What inspired you to investigate the topic of gender differences in creative performance and what did you find?

I have long been fascinated by the complexities of creativity — how creativity is understood so differently in various fields, industries, and jobs; how some people are more inclined to be creative; and, most importantly, how some people are considered to be more creative than others. These intricacies intrigued me and made me a student of creativity.

Additionally, working in diverse roles from engineering to human resources in India, I was captivated by a common observation — women were systematically less involved and underrated in some tasks; specifically, in tasks that required creativity. Interaction with business clients in Germany, the U.K., and the U.S. made me realize that the extent of this gender-creativity phenomenon varied across countries as well.

Puzzled by how individual creative experience and performance were influenced by one's gender, my research interest evolved to focus on gender differences in creativity. From my own experience, I knew that there was a cultural component to these dynamics as well, so our research team started this investigation to pursue answers to the research questions — how and why gender affects creative performance and what might be the contexts (e.g., culture) that affect this association.

We found that men were rated to have higher creative performance than women. As creativity involves a level of risk-taking, challenging the status quo to come up with a unique and novel solution is often done in an independent and assertive manner. The general perception of creativity is that it is a man's job.

As such, despite having equivalent creative abilities as men, when women try and engage in creative behaviors, they are constrained — either due to their own internalized gender roles or due to the backlash they experience from perceivers for engaging in a masculine activity.
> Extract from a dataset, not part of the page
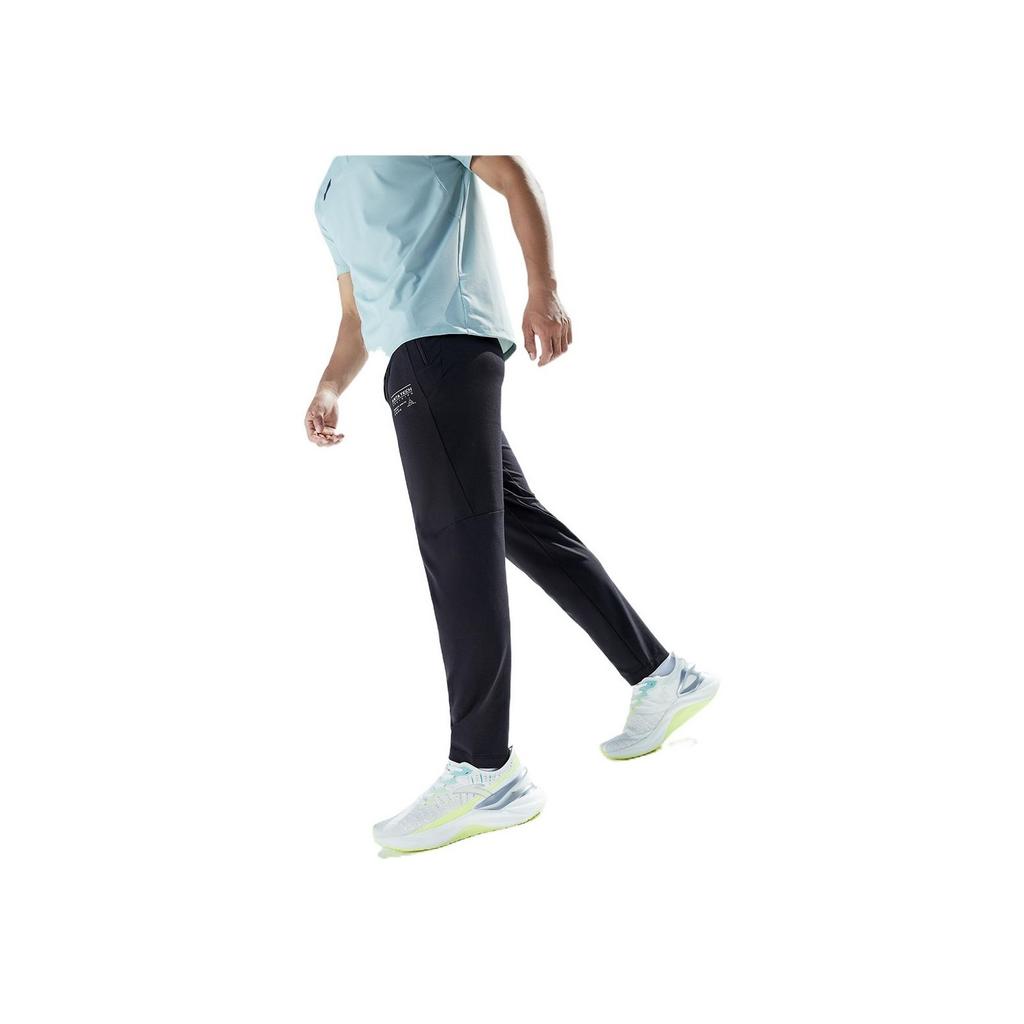 Anta Сплошной цвет с буквенным принтом и эластичной резинкой на талии, прямые спортивные штаны, мужские брюки, черные 952227740-3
To our surprise, we found that the effect of these internalized effects was stronger — the gender difference in creative performance was larger — when individuals evaluated their own creative performance.

Culture played a significant role in determining the gender disparity as well. Cultures that were more masculine (e.g., U.S.) were detrimental for women's creativity, whereas those that were gender-egalitarian or relations-focused (e.g., Nordic countries) were conducive for women's creativity.
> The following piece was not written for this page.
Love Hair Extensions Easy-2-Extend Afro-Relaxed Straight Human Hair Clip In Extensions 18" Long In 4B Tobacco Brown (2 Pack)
Although our findings indicated that the disparity between men's and women's creative performance existed universally, we found optimistic results about the decline in the gender gap in recent years.
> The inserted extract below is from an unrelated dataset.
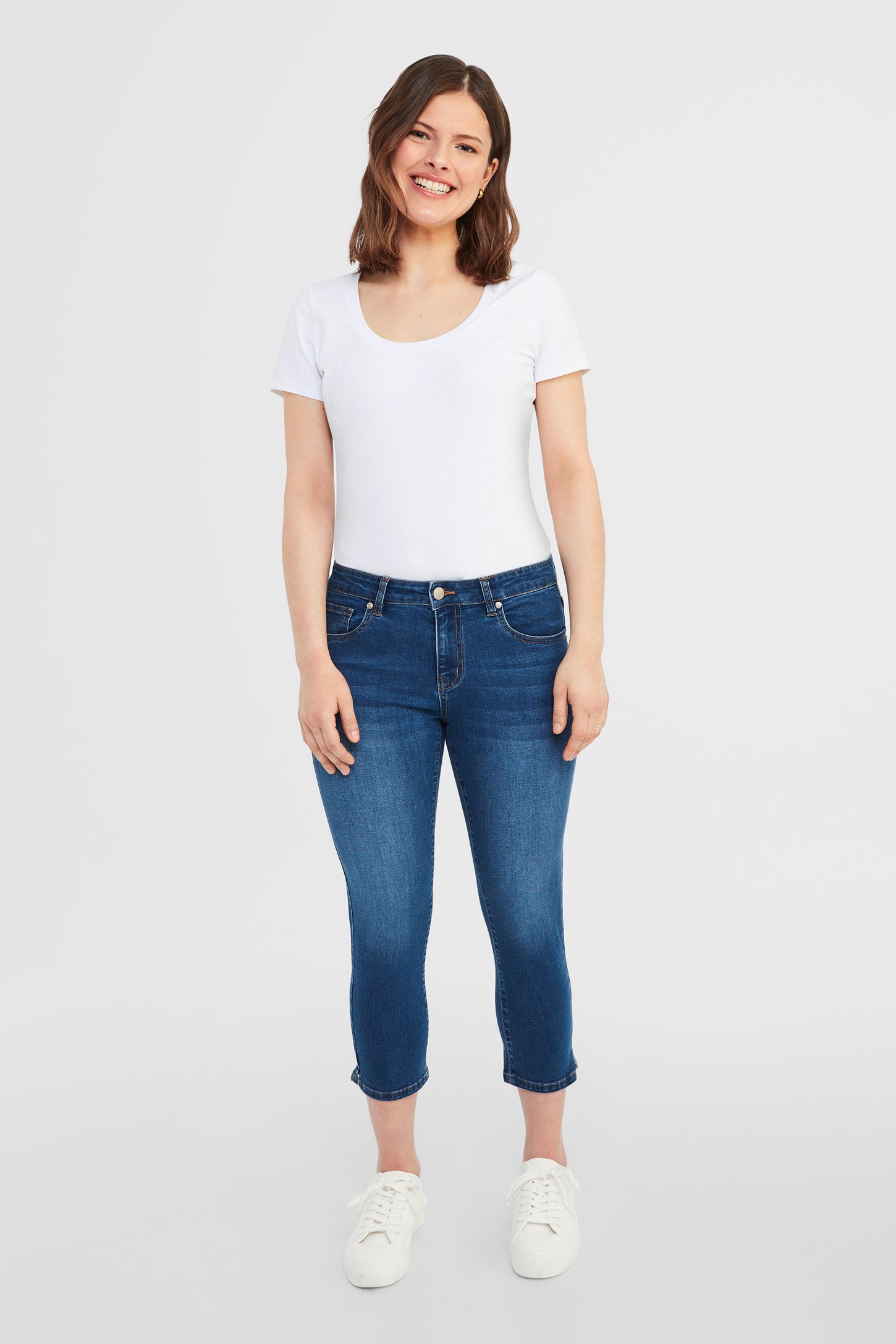 Capri 5 poches en jeans - Femme && BLEU MOYEN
Finally, as the nature of gender biases and even creativity may vary across industries, we expected the gender divide to diminish in industries with a greater women presence. Surprisingly, however, our findings indicated that irrespective of the industry, the gender gap in creative performance was problematically pervasive.

Can you give a description of how you define creativity?

This is a very important question — one that we spent considerable effort explaining in our paper. Despite all we know about what enhances or constrains creativity, the question of what exactly is creativity remains a topic of discussion in the academic world.

There is strong agreement that anything that is novel (or unique) and useful (or feasible) is creative. But then the question looms — is creativity the capability to produce something novel or useful or is creativity the final outcome that is generated? Or, is creativity the process through which this generation of unique and feasible product(s) happens?

In our study, we use a simple framework available in the literature that views the creative phenomenon as an Input-Process-Output model. According to this model, the capability or skill required to produce something novel and feasible (i.e., 'creative ability') is the input. The final outcome — which could be a product, idea, or service — is 'creative performance,' and the transformation of the creative ability (i.e., input) to creative performance (i.e., output) is the 'creative process.'

The focus of our study is creative performance. That is, we examine if there exists a difference between the creativity of the outcomes/outputs generated by men and women.

Now, the assessment of this creative performance could be based on a specific instance: for example, someone may be asked to come up with a creative design for a refrigerator and the creativity of the suggestions is his/her creative performance. Alternatively, creative performance could be an evaluation of multiple past behaviors and the overall novelty and usefulness of those behaviors or actions.

In summation, creativity, or more accurately creative performance, is the generation of outputs that are novel and useful.

How is creativity different from, and similar to, general intelligence?

This has been one of the oldest questions in the study of creativity. Very simply, general intelligence is about being able to acquire knowledge and apply it as needed. Creativity, on the other hand, is about coming up with a concept, idea, service, procedure, or product that is novel and useful.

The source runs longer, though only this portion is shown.